Nada do que se está a passar é novo. Há dezenas de anos que o PCP e os seus eleitos nos vários órgãos institucionais têm denunciado estas situações e exigido que haja um controlo público da banca  e se ponha fim aos paraísos fiscais. Sou testemunha disso, porque ao longo da vida o fiz inúmeras vezes, quer na Assembleia da República, quer no Parlamento Europeu.

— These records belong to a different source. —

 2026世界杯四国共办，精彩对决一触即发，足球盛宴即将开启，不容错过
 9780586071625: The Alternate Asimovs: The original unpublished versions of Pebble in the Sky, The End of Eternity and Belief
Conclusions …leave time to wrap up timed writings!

O PCP apresentou inúmeras vezes propostas que, se tivessem sido adoptadas, teriam salvaguardado o país, a sua economia, a maioria dos empresários, os trabalhadores e a população em geral, da grave situação que vivemos .

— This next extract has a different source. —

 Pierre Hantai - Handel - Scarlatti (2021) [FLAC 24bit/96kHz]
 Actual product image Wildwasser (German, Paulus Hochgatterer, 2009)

Após a revolução de Abril, tivemos oportunidade de ver como os grupos económicos e financeiros durante o fascismo, teciam teias claras entre si para  criar esquemas complexos de fuga aos impostos, de fuga ou de branqueamento de capitais, bem como para concretizar operações financeiras entre empresas de forma a inflacionar artificialmente os lucros ou ocultar dívida.  Essas também foram razões que levaram, nessa época, à nacionalização da banca e outros sectores fundamentais da economia, como a energia, e à intervenção pública em diversas empresas, para impedir o seu encerramento, o desemprego, a fuga de capitais e para permitir apoio aos pequenos e médios empresários em condições vantajosas, no mínimo de igualdade com as grandes empresas.

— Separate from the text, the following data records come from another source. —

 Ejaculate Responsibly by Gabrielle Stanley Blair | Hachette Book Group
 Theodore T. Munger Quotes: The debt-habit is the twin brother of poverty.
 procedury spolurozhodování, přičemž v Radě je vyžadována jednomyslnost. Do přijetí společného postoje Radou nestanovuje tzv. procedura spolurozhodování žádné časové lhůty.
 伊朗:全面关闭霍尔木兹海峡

Quando hoje estudiosos independentes consideram que haverá cerca de 70 mil milhões de euros portugueses em paraísos fiscais, ou seja, um valor idêntico ao que serviu de pretexto para a Troika impor aos portugueses a política de regressão de direitos e de empobrecimento dos últimos anos, pode-se ver quão longe foram nesta política capitalista de concentração e centralização da riqueza  que a União Europeia procura concretizar ao serviço dos grandes grupos económicos e financeiros de que o  BANIF é um triste exemplo.  Se, a curto prazo, este caminho não for invertido, teremos a destruição do pouco que ainda resta de alavanca financeira pública e portuguesa para intervir na economia no sentido que os  artigos 80 º e  81º da CRP consagram, e que já referi.
A eficácia de políticas públicas de apoio ao desenvolvimento económico e social, designadamente através de um sistema fiscal e de um sistema jurídico e financeiro exige que não haja zonas fechadas, onde o secretismo impera e onde tudo é permitido, como acontece com as ditas zonas francas, os off - shores, os paraísos fiscais, e implica que o Estado disponha de meios de intervenção que  assegurem a igualdade de oportunidades de forma a operar as necessárias correcções seja das desigualdades sociais na distribuição da riqueza e do rendimento, seja das assimetrias territoriais, o que só será possível com a subordinação do poder económico ao poder político democrático, onde , como hoje volta a estar claro para  vastas camadas da população portuguesa, haja o controlo público da banca e da generalidade do sector financeiro.
Só o controlo público da banca pode permitir a canalização de importantes meios financeiros para a produção e o progresso social, para a intervenção clara a favor das micro, pequenas e médias empresas, para o apoio a zonas carenciadas e sectores em dificuldade, para dificultar a fuga de capitais  produzidos em Portugal.
Mais do que nunca, exige-se o cumprimento das normas constitucionais e a retoma da soberania portuguesa sobre os nossos recursos estratégicos, de que o sector financeiro é um dos principais.
A apresentação de vários projectos de lei por parte do Grupo Parlamentar do PCP são já instrumentos muito válidos e contributos importantes para impedir que continue a actual situação. Assim haja vontade política para os aprovar e concretizar na defesa dos interesses nacionais e do progresso do país.